[Brief] Output the data unchanged and complete, minus the images.

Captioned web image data

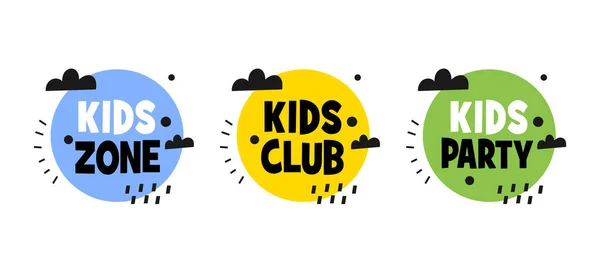 Kinder Party Unterhaltung Textset Kids Room Club Und Party Vektor — Stockvektor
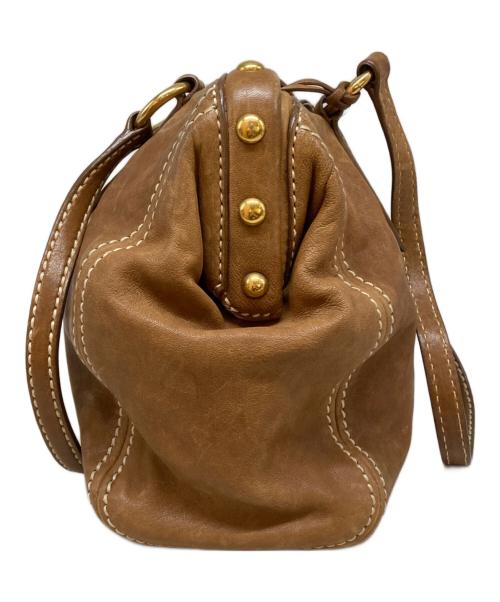 MIU MIU（ミュウミュウ）MIU MIU (ミュウミュウ) ガマ口ミニボストンバッグ ブラウンの古着・服飾アイテム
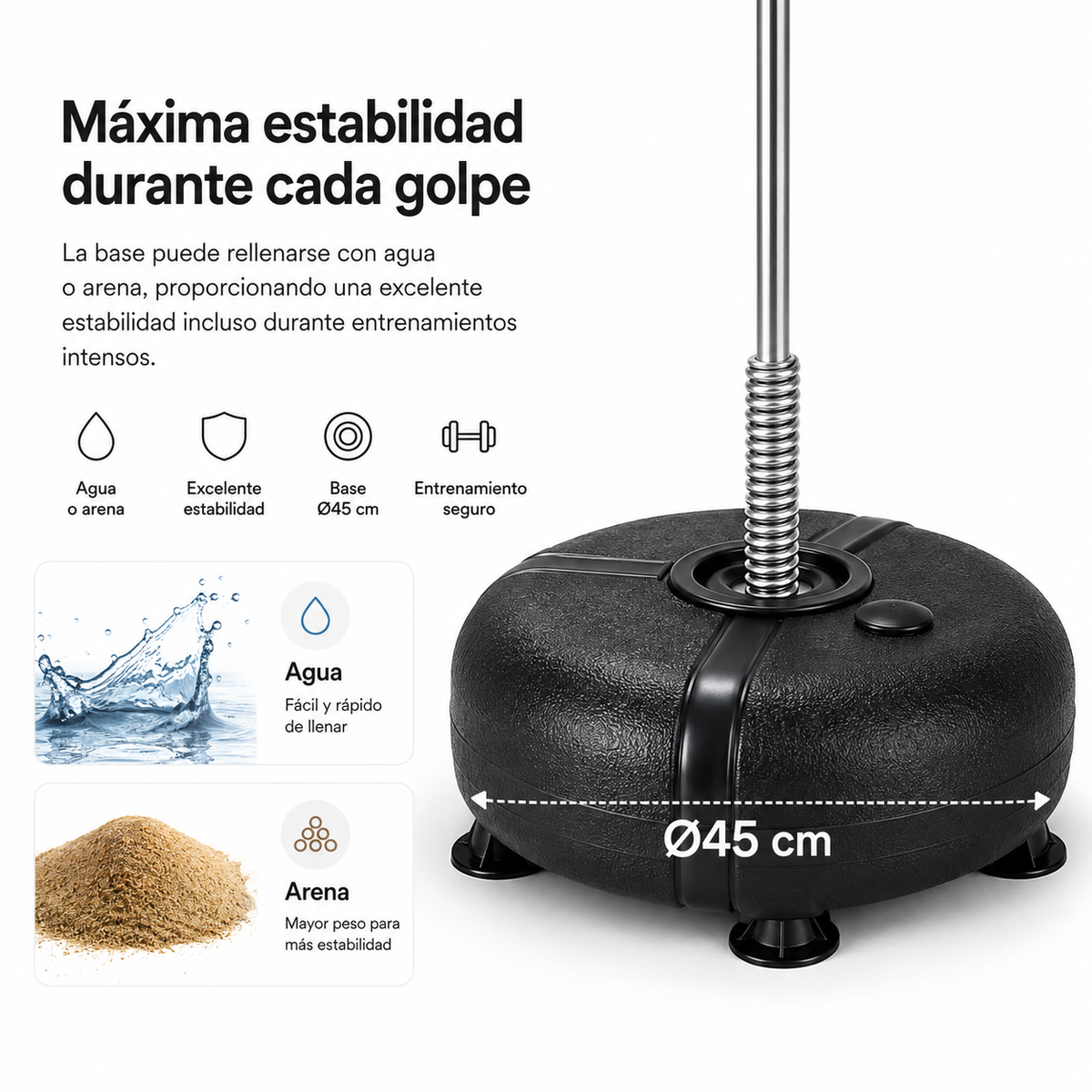Saco De Boxeo De Pie Ajustable Con Base Rellenable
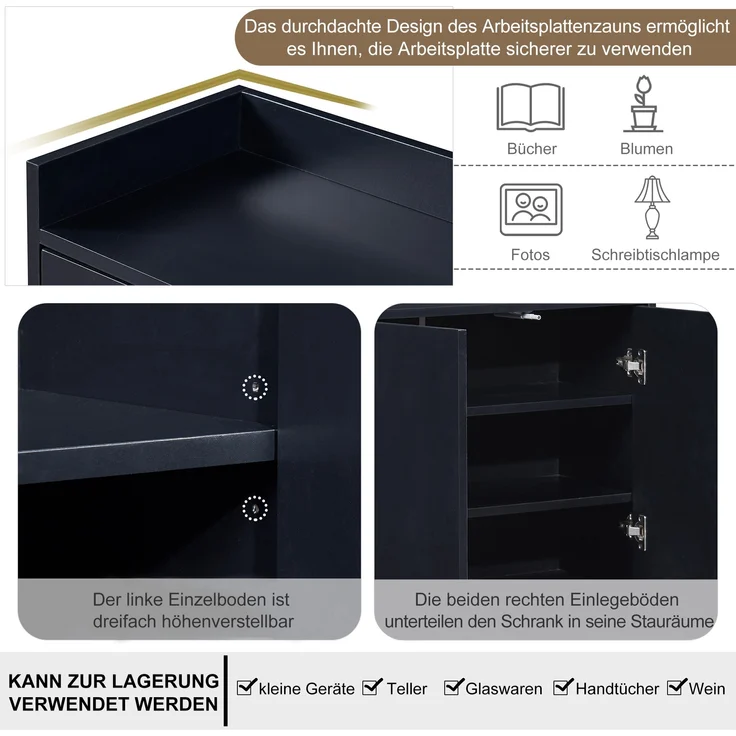 Sideboard, 120x30x80 cm, schwarzes Sideboard im minimalistischen Stil, 4-türig, grifflos – Bild 9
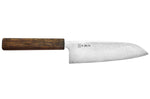 Couteau santoku japonais artisanal Wusaki Unagi AUS10 damas 16,5cm manche chêne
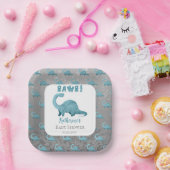 Rawr Aquamarin Blue Dinosaur Boy Baby Shower Pappteller (Party)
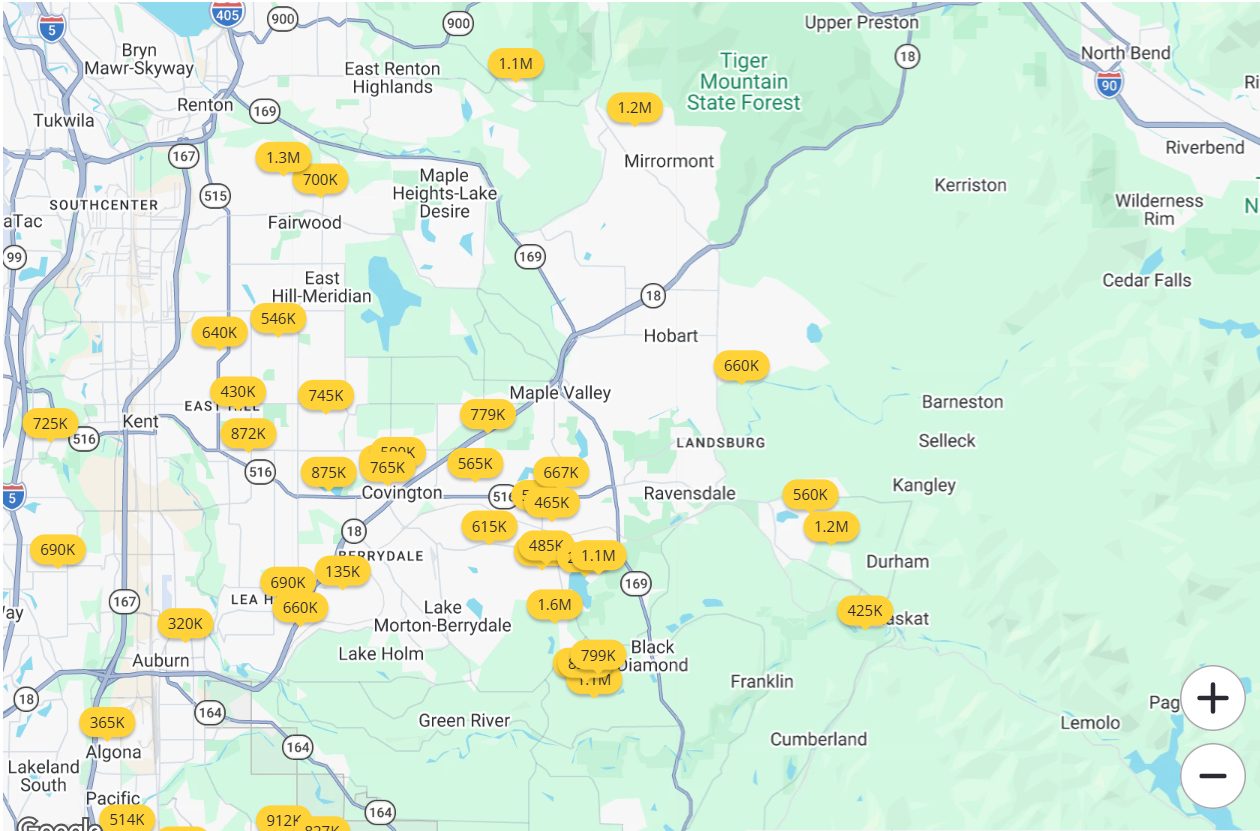 Map of Tyler Freed real estate sales in Maple Valley and surrounding communities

[Your response]
 Kinder Party Unterhaltung Textset Kids Room Club Und Party Vektor — Stockvektor
 MIU MIU（ミュウミュウ）MIU MIU (ミュウミュウ) ガマ口ミニボストンバッグ ブラウンの古着・服飾アイテム
Saco De Boxeo De Pie Ajustable Con Base Rellenable
 Sideboard, 120x30x80 cm, schwarzes Sideboard im minimalistischen Stil, 4-türig, grifflos – Bild 9
 Couteau santoku japonais artisanal Wusaki Unagi AUS10 damas 16,5cm manche chêne
 Rawr Aquamarin Blue Dinosaur Boy Baby Shower Pappteller (Party)
 Map of Tyler Freed real estate sales in Maple Valley and surrounding communities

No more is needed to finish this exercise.